## Work to complete:
Would you repeat all of the records underneath, exactly as written?
--- Data for review Enclosed Below ---
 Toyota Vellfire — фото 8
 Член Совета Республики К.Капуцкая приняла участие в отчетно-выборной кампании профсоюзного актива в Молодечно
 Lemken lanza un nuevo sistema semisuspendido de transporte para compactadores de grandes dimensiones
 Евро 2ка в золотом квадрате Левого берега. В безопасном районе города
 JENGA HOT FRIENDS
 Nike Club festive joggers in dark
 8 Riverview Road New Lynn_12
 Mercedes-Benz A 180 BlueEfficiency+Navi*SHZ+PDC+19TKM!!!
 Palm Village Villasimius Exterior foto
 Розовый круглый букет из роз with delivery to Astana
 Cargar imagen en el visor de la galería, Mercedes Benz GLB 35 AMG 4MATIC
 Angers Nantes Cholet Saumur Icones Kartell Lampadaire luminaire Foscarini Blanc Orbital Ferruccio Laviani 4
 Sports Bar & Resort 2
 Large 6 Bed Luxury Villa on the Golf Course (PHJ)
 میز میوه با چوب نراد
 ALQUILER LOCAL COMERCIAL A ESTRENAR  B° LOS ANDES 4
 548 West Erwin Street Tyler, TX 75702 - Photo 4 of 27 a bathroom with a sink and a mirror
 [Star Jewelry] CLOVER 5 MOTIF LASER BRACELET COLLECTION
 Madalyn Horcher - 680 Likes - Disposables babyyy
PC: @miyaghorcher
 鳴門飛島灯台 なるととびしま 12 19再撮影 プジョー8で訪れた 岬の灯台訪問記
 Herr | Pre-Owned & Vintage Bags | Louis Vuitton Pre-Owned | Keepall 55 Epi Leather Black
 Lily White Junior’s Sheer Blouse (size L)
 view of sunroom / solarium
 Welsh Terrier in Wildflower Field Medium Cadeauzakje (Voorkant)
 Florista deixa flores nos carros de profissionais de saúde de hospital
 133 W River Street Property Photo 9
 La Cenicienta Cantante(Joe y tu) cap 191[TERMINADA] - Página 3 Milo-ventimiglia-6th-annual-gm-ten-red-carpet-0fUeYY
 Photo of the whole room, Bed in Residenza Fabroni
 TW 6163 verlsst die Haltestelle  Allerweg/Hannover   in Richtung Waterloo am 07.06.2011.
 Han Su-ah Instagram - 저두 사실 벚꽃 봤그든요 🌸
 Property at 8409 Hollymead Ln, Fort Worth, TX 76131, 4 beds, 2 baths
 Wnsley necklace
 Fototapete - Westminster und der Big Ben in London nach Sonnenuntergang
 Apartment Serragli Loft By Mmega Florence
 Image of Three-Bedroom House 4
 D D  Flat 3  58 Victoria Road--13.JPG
--- End of Enclosed Data for review ---
## Answer to the exercise:
 Toyota Vellfire — фото 8
 Член Совета Республики К.Капуцкая приняла участие в отчетно-выборной кампании профсоюзного актива в Молодечно
 Lemken lanza un nuevo sistema semisuspendido de transporte para compactadores de grandes dimensiones
 Евро 2ка в золотом квадрате Левого берега. В безопасном районе города
 JENGA HOT FRIENDS
 Nike Club festive joggers in dark
 8 Riverview Road New Lynn_12
 Mercedes-Benz A 180 BlueEfficiency+Navi*SHZ+PDC+19TKM!!!
 Palm Village Villasimius Exterior foto
 Розовый круглый букет из роз with delivery to Astana
 Cargar imagen en el visor de la galería, Mercedes Benz GLB 35 AMG 4MATIC
 Angers Nantes Cholet Saumur Icones Kartell Lampadaire luminaire Foscarini Blanc Orbital Ferruccio Laviani 4
 Sports Bar & Resort 2
 Large 6 Bed Luxury Villa on the Golf Course (PHJ)
 میز میوه با چوب نراد
 ALQUILER LOCAL COMERCIAL A ESTRENAR  B° LOS ANDES 4
 548 West Erwin Street Tyler, TX 75702 - Photo 4 of 27 a bathroom with a sink and a mirror
 [Star Jewelry] CLOVER 5 MOTIF LASER BRACELET COLLECTION
 Madalyn Horcher - 680 Likes - Disposables babyyy
PC: @miyaghorcher
 鳴門飛島灯台 なるととびしま 12 19再撮影 プジョー8で訪れた 岬の灯台訪問記
 Herr | Pre-Owned & Vintage Bags | Louis Vuitton Pre-Owned | Keepall 55 Epi Leather Black
 Lily White Junior’s Sheer Blouse (size L)
 view of sunroom / solarium
 Welsh Terrier in Wildflower Field Medium Cadeauzakje (Voorkant)
 Florista deixa flores nos carros de profissionais de saúde de hospital
 133 W River Street Property Photo 9
 La Cenicienta Cantante(Joe y tu) cap 191[TERMINADA] - Página 3 Milo-ventimiglia-6th-annual-gm-ten-red-carpet-0fUeYY
 Photo of the whole room, Bed in Residenza Fabroni
 TW 6163 verlsst die Haltestelle  Allerweg/Hannover   in Richtung Waterloo am 07.06.2011.
 Han Su-ah Instagram - 저두 사실 벚꽃 봤그든요 🌸
 Property at 8409 Hollymead Ln, Fort Worth, TX 76131, 4 beds, 2 baths
 Wnsley necklace
 Fototapete - Westminster und der Big Ben in London nach Sonnenuntergang
 Apartment Serragli Loft By Mmega Florence
 Image of Three-Bedroom House 4
 D D  Flat 3  58 Victoria Road--13.JPG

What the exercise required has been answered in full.